The **complete** (or farthest neighbor) algorithm does the same thing except that it selects the pair of existing clusters whose **least similar members have the highest similarity** among all possible pairwise comparisons. The result is that single clustering tends to produce *long* diffuse clusters which may contain rather dissimilar members linked by a long series of pairs of somewhat similar neighbors. In contrast complete clustering tends to produce a large number of small, compact clusters with relatively large inter-cluster differences.
It is important to note that with HCA both the choice of distance metric used to construct the distance matrix **and** the clustering algorithm will affect the results of the clustering exercise. The standard approach to displaying the results of HCA is to draw a tree or dendrogram. The base stats package provides some fairly nice tree drawing tools and some additional tools for exploring the structure of the tree or highlighting groupings. The following block of code, does four HCAs on the disease data, first a pair based on a Euclidean distance matrix calculated from the scaled data and then a pair with the data converted to simple presence/absence of each disease in each field and translated into a binary distance matrix. In each pair we first apply the complete joining algorithm and then the single joining algorithm.

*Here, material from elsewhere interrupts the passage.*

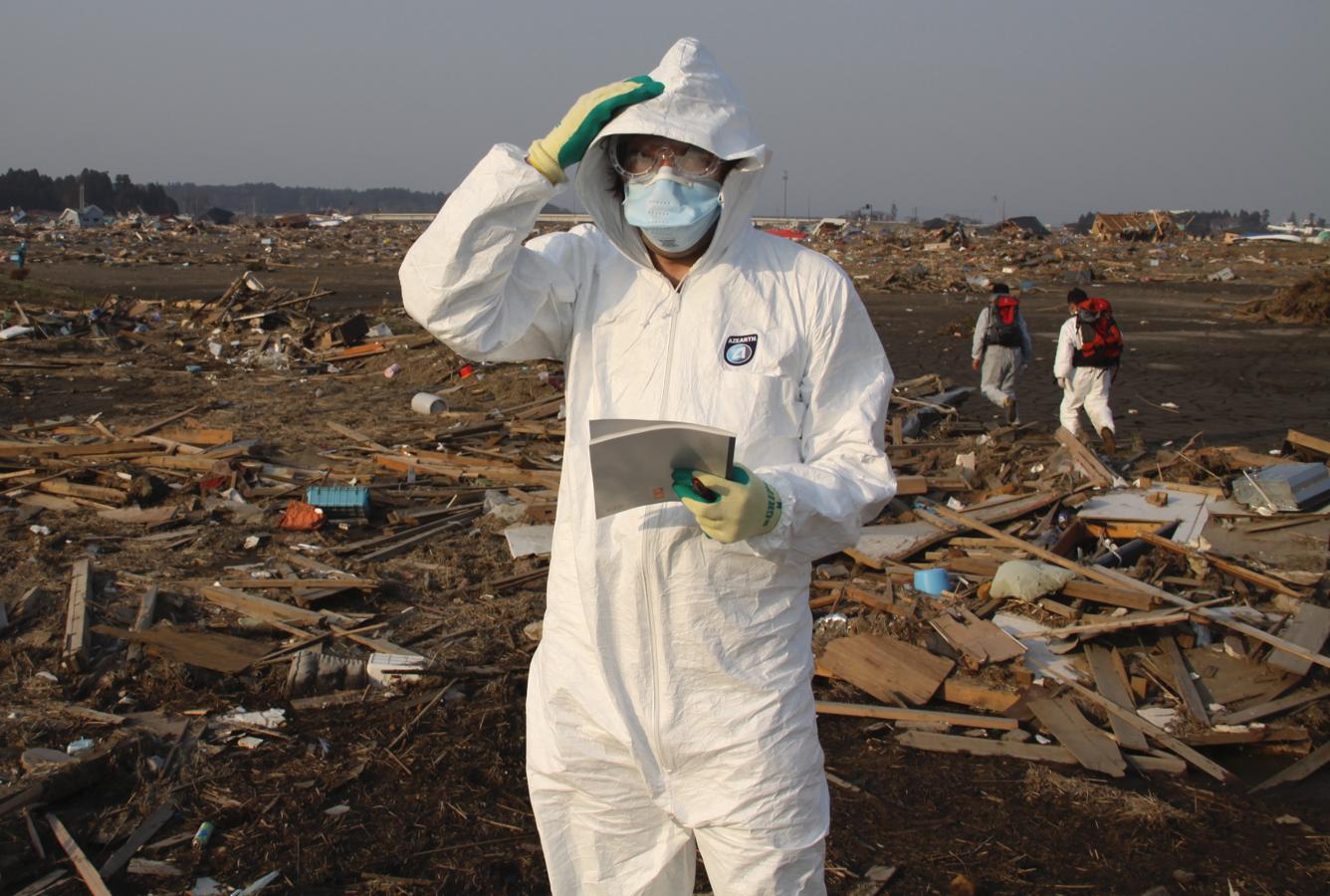 Pertrechado con un traje especial de protección, el corresponsal de ABC en Asia, Pablo M. Díez, recorrió en 2011 los pueblos evacuados por la radiación cerca de la central de Fukushima, como este de Futaba. Desde la cobertura del tsunami, ha vuelto regularmente a la zona y ha visitado dos veces la planta de Fukushima 1 para ver los trabajos de descontaminación y desmantelamiento. 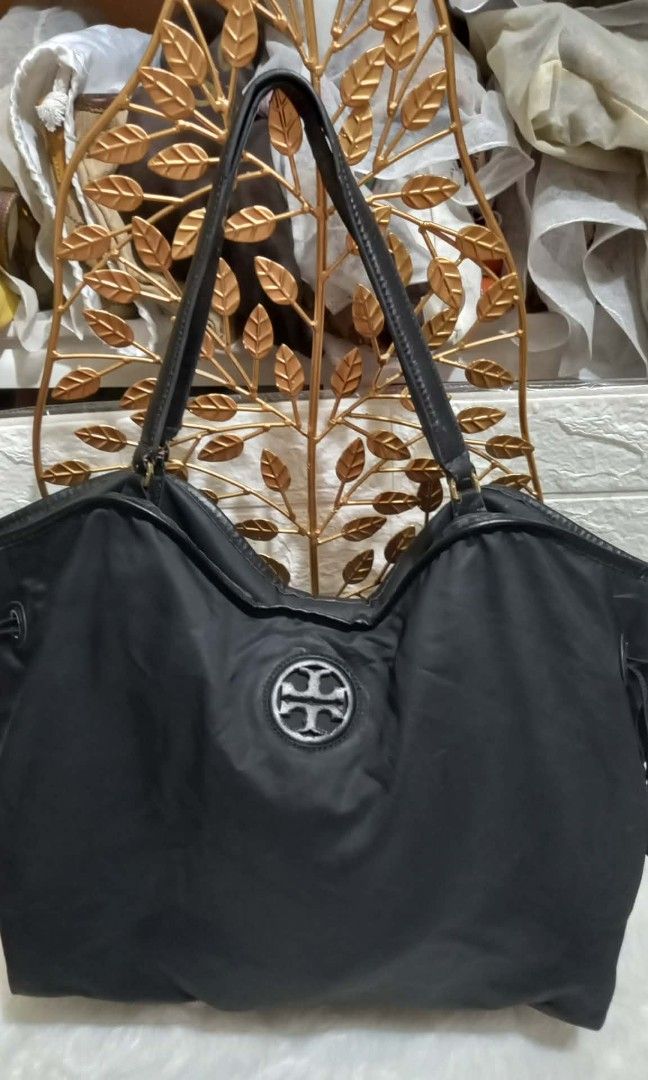 NYLON TOTE BAG (Category: Luxury Bags & Wallets) located in Cavite. Submitted by geturs (Listing ID 1444064525, Image 1). Description: .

We also illustrate the use of the `cutree()` function to cut each tree into 7 groups and the `rect.hclust()` function to draw boxes around the branches of the trees identified by `cutree()`.
```{r}
# Hierachical cluster analysis: Euclidean distance matrix, furthest neighbor clustering
field_Eucdis <- dist(NHCA_data1[, 3:14], method = "euclidean")
HCA_field1 <- hclust(field_Eucdis, method = "complete")
dend_field1 <- plot(HCA_field1)
field_hgroups1 <- cutree(HCA_field1, k = 7)
rect.hclust(HCA_field1, k = 7, border = "blue")
# Euclidean distance matrix, nearest neighbor clustering
HCA_field2 <- hclust(field_Eucdis, method = "single")
dend_field2 <- plot(HCA_field2)
field_hgroups2 <- cutree(HCA_field2, k = 7)
rect.hclust(HCA_field2, k = 7, border = "red")
# How do the results look if we use binary data?
# Binary distance matrix, furthest neighbor clustering
HCA_data2 <- data.frame(PCA1_cordata[, 1:2], (PCA1_cordata[, 3:14] > 0) * 1)
field_bindis <- dist(HCA_data2[, 3:14], method = "binary")
HCA_field3 <- hclust(field_bindis, method = "complete")
dend_field3 <- plot(HCA_field3)
field_hgroups3 <- cutree(HCA_field3, k = 7)
rect.hclust(HCA_field3, k = 7, border = "blue")
# Binary distance matrix, nearest neighbor clustering
HCA_field4 <- hclust(field_bindis, method = "single")
dend_field4 <- plot(HCA_field4)
field_hgroups4 <- cutree(HCA_field4, k = 7)
rect.hclust(HCA_field4, k = 7, border = "red")
```
We have only touched on the basic approaches for HCA even among the options offered in the base stats package. In addition to the options available in the base package remember there is a wide range of other packages available that allow distances to be calculated using other metrics and clustering to be carried out with many different algorithms. Some of these packages are written with specific purposes in mind, others are more general. Rather than explore a subset of these options, in the limited time of the workshop we are going to stay with analyses that can be performed with the base package and move on to look at how we can combine ordination and cluster analyses to get good visualizations of clusters of objects.